Directions for this task:
Copy out the data from the line containing "Long Warranty Transformer" to its last line, exactly. No pictures.

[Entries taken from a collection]
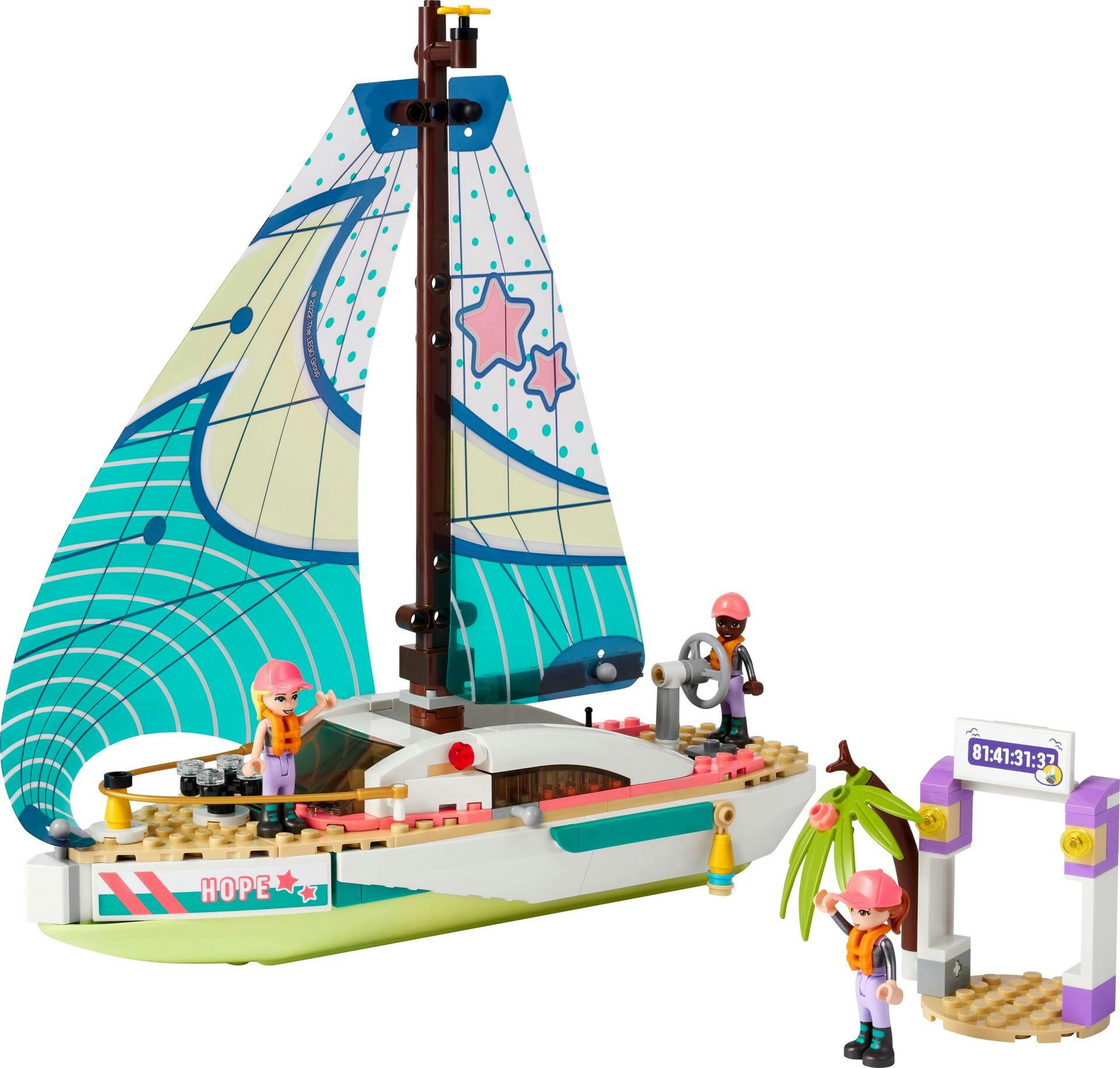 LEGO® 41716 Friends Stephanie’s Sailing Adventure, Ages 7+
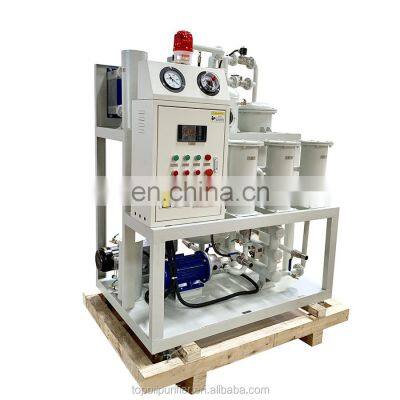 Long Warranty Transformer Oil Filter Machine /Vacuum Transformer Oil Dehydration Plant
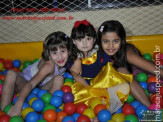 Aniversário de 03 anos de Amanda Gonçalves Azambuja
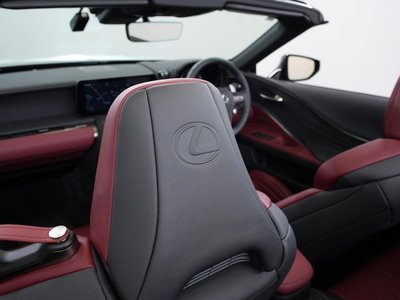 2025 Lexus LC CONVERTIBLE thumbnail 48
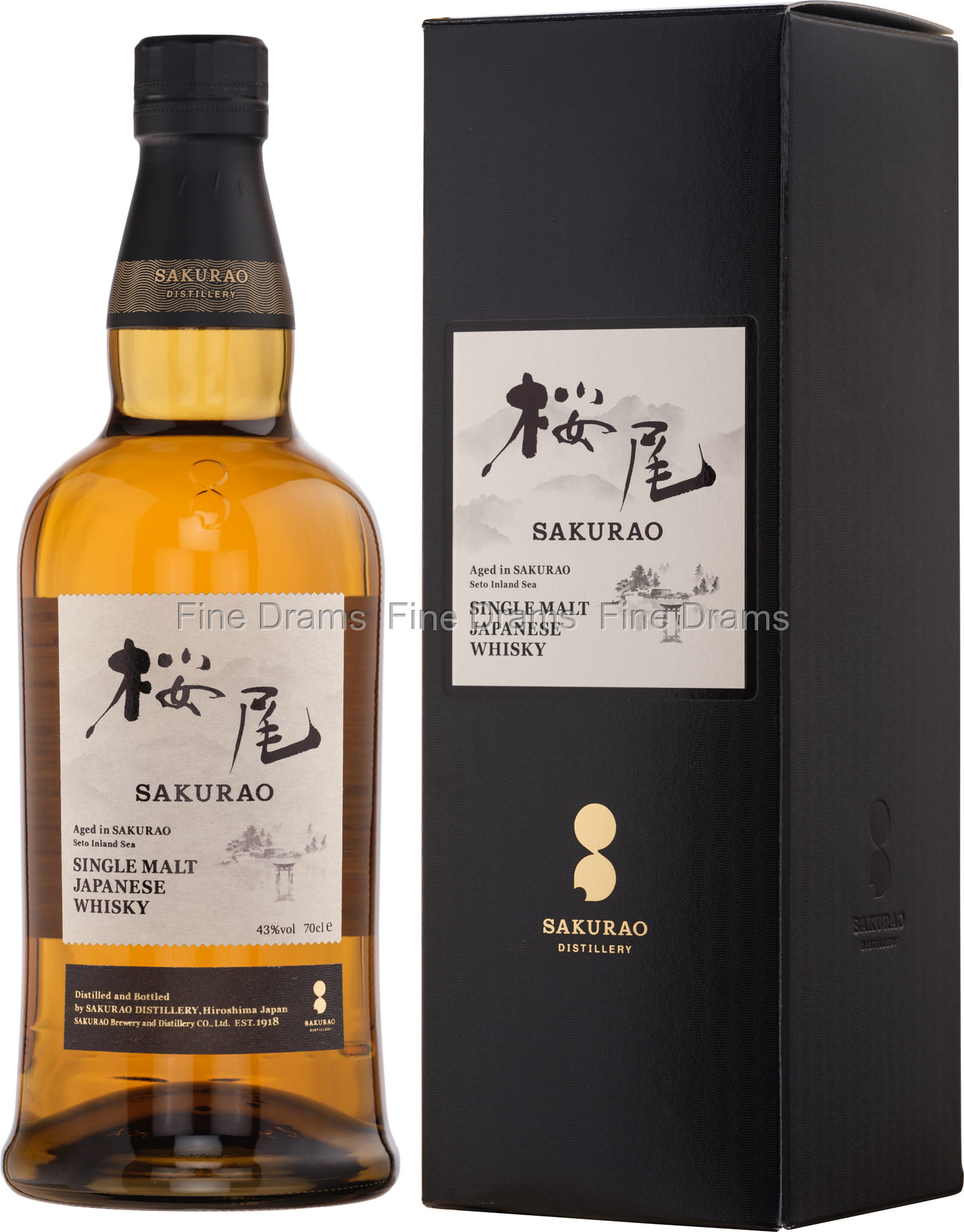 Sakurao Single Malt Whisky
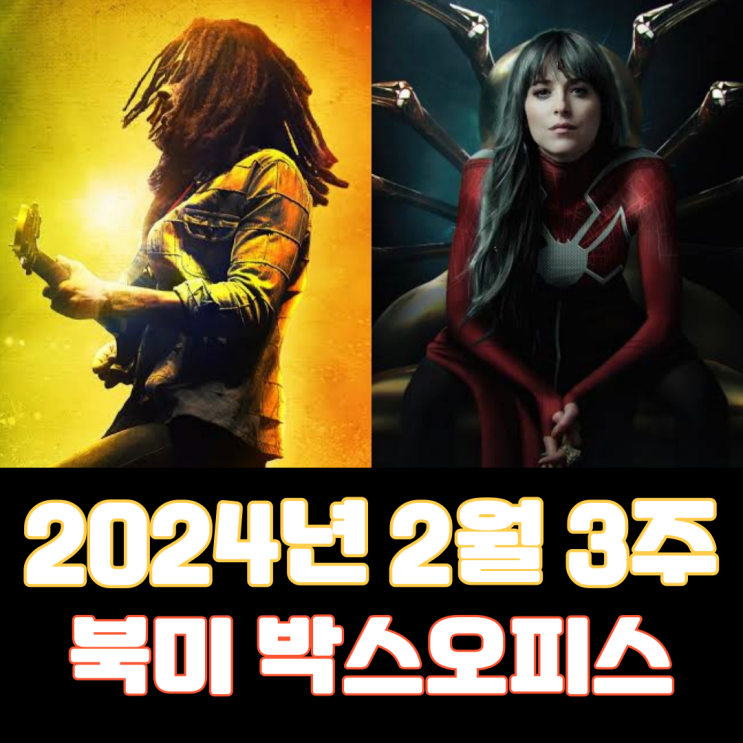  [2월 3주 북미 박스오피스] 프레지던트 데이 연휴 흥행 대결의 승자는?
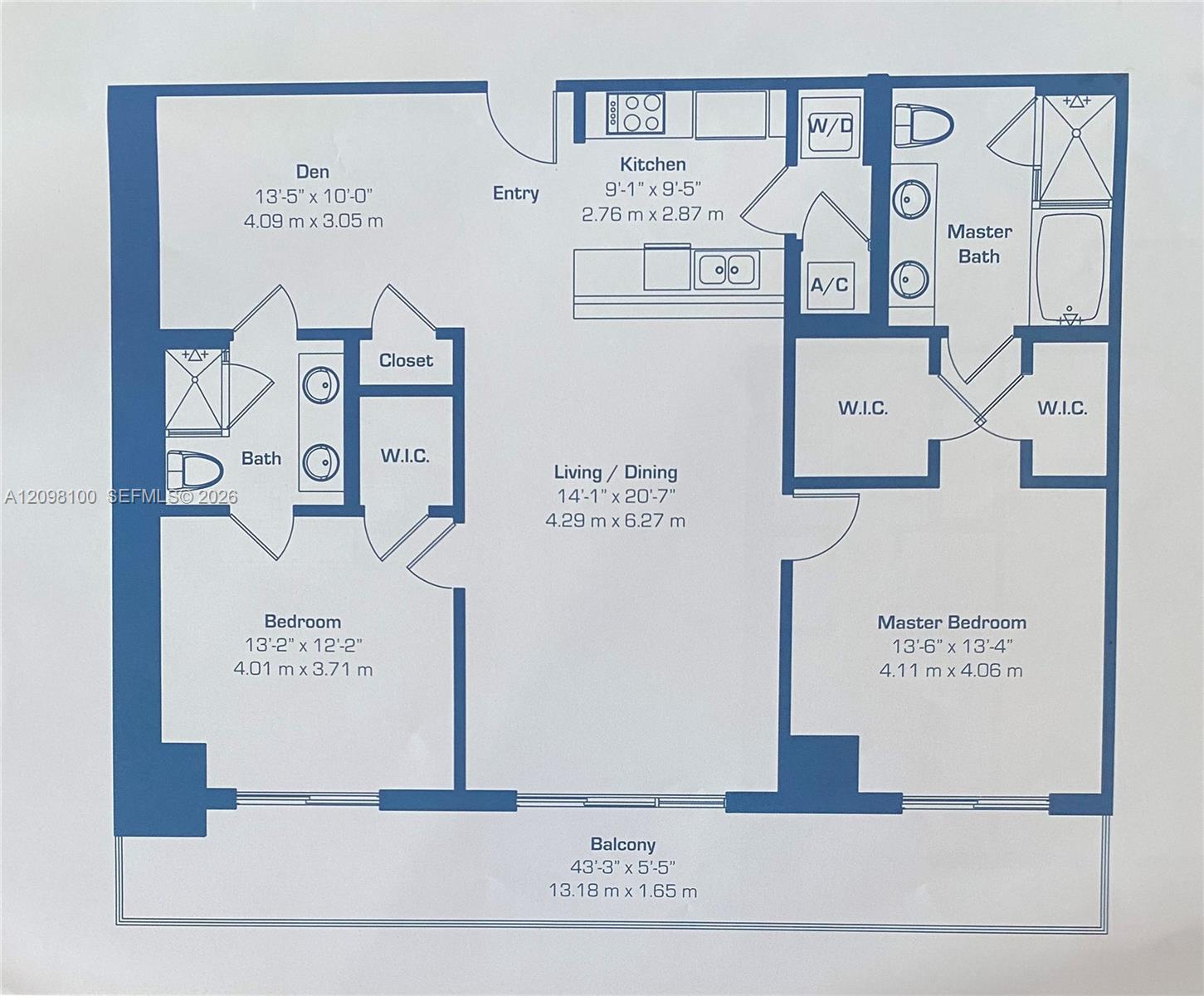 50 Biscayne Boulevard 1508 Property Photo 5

Answer for the task:
 Long Warranty Transformer Oil Filter Machine /Vacuum Transformer Oil Dehydration Plant
 Aniversário de 03 anos de Amanda Gonçalves Azambuja
 2025 Lexus LC CONVERTIBLE thumbnail 48
 Sakurao Single Malt Whisky
  [2월 3주 북미 박스오피스] 프레지던트 데이 연휴 흥행 대결의 승자는?
 50 Biscayne Boulevard 1508 Property Photo 5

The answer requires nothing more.